Ketika saya masi duduk di bangku Sekolah Dasar, saya begitu bangga dengan Indonesia, Tanah Air kita tercinta. Pada saat itu mungkin memang seluruh anak-anak Sekolah Dasar di doktrin untuk cinta Tanah Air dan Bangsa. Banyak yang bisa dibanggakan dari Indonesia, kekayaan alamnya, dan ramah-ramah penduduknya. Sampai sekarang pun masih ada di kepala saya tentang sebutan Zamrud Khatulistiwa, dan sebutan-sebutan yang lain.
Waktu beranjak, saya duduk di bangku SMP, SMA, dan bangku perkuliahan. Disana tidak ada lagi doktrin tentang Indonesia, tetapi lebih ke aturan-aturan hukum yang seharusnya kita taati. Ok, kita mengerti Indonesia, Ibu Pertiwi yang sedang menangis. Dan sekarang benar-benar saya menyadari, tidak ada lagi yang bisa dibanggakan dari Indonesia kita, ketika saya menginjakkan kaki di benua Eropa, Jerman.
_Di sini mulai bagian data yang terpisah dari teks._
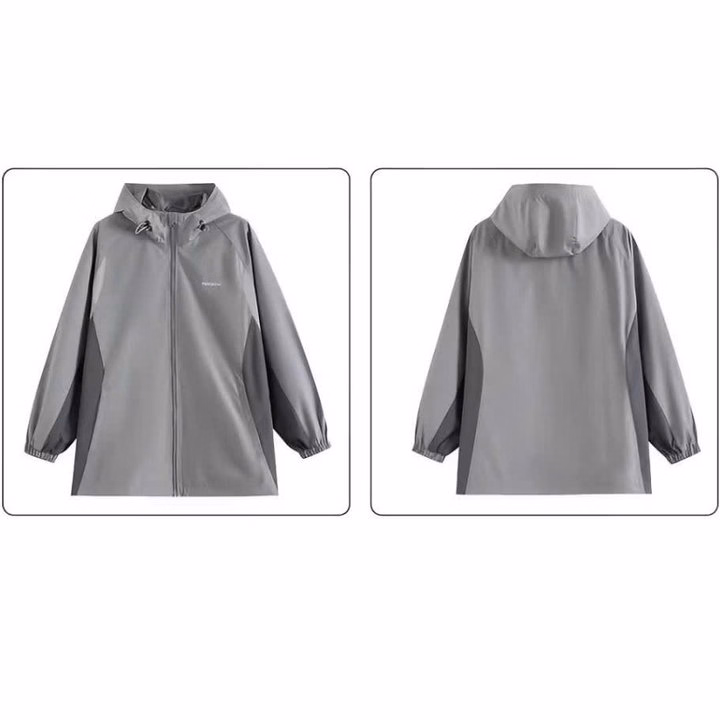 Áo Khoác Dù Nam Nữ Reocha Phối Dây Rút Form Rộng 2 Lớp Có Mũ Ug70Ji-Nana House - Ảnh 7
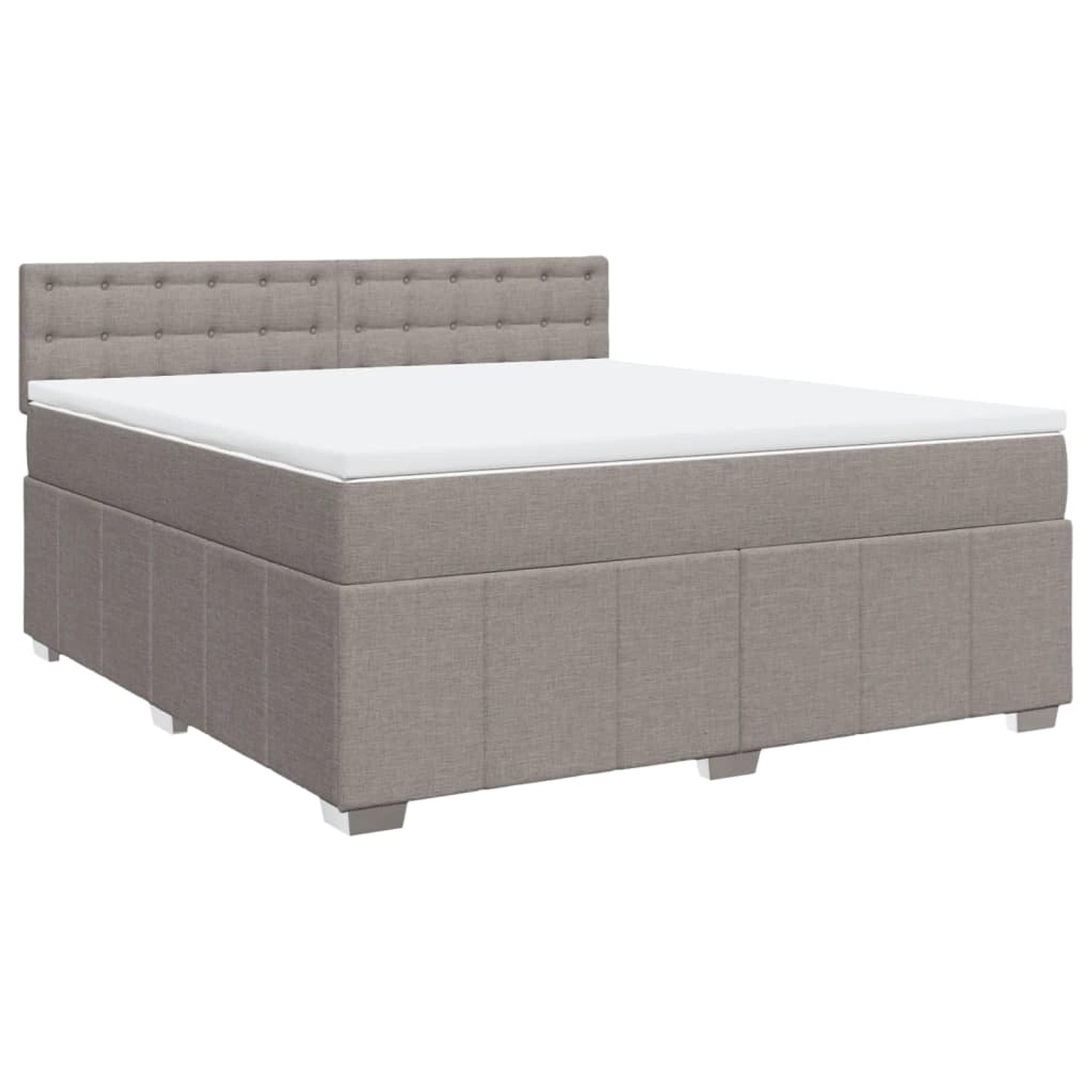vidaXL Boxspringbett mit Matratze Taupe 180x200 cm Stoff 3287165 günstig online kaufen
Saya masih ingat doktrin ketika di Sekolah Dasar tentang Zamrud Khatulistiwa. Saya pun bangga sebagai orang Indonesia, dimana terkenal kekayaan alamnya dan ramah tamah budayanya. Adapun lagu yang berkata bahwa Indonesia masyur sampai ke ujung dunia, tetapi pada kenyataannya adalah kosong. Bahkan banyak orang yang tidak mengenal Indonesia. Tetapi mereka lebih mengenal Thailand. Sedih rasanya saya waktu itu. Beberapa orang mengenal Indonesia dan mereka mengenal hanya yang buruk tentang Indonesia. Dimana kekayaan alam kita sekarang? Dimana pariwisata kita? Dan dimana ramah tamah budaya kita?
Ketika itu saya kaget karena mendapat surat dari dinas keamanan kota setempat. Saya harus datang membawa paspor saya. Dan disanalah saya harus mengisi berlembar-lembar pertanyaan yang berkaitan dengan terorisme. Pada waktu itu saya ditemani oleh seorang teman saya berkewarganegaraan Jerman. Saya sungguh malu dan ingin menangis. Kepada saya juga diperlihatkan daftar negara yang masuk ke dalam blacklist. Indonesia adalah salah satunya. Saya sedih bukan main. Saya malu sebagai warga Indonesia, sampai segitukah buruknya nama Indonesia sehingga masuk ke dalam daftar hitam?
Yang lebih saya sayangkan lagi adalah, banyak warga Indonesia, pemuda Indonesia yang menuntut Ilmu di luar negri tetapi tidak mau lagi pulang ke Indonesia, tetapi menetap di negara itu. Kerjasama dari pihak yang berpikiran terbuka adalah yang dibutuhkan Bangsa kita saat ini.
Berharap Ibu Pertiwi berhenti meneteskan air matanya. Mari kita bekerja sama, dan memulainya dari diri kita sendiri.